Safe Ways to Ease Teething Discomfort

The simplest and safest approach is pressure and cold. A clean, wet washcloth chilled in the refrigerator (not the freezer) gives your baby something to gnaw on that soothes the gums. Solid, one-piece teething rings that have been refrigerated work well too. Avoid liquid-filled teethers, which can break and leak. You can also gently rub your baby’s gums with a clean finger to provide counter-pressure against the incoming tooth.

If your baby is old enough for solid foods, chilled (not frozen) items like a cold spoon or a refrigerated piece of fruit in a mesh feeder can help. For babies in significant discomfort, ask your pediatrician about an age-appropriate dose of infant pain reliever.

Products to Avoid

The FDA has issued explicit warnings against several popular teething products. Topical gels and creams containing benzocaine (found in many over-the-counter teething gels) offer little to no benefit and carry the risk of a rare but serious condition that reduces the blood’s ability to carry oxygen. Prescription lidocaine solutions are even more dangerous for infants, with risks including seizures, heart problems, and brain injury.
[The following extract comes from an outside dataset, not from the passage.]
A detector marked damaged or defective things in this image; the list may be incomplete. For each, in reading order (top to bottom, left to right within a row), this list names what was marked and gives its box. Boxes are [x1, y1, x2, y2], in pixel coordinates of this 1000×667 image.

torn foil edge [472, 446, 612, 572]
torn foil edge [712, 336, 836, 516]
Homeopathic teething tablets have also drawn FDA warnings. Testing of products marketed by major brands found that levels of belladonna, a toxic plant extract, varied wildly between tablets and in some cases far exceeded what was stated on the label. Several of these products were recalled, and the FDA advises parents not to use homeopathic teething tablets or gels at all.

Amber teething necklaces, another popular remedy, pose a strangulation and choking hazard with no proven benefit. No evidence supports the idea that amber releases pain-relieving compounds through skin contact.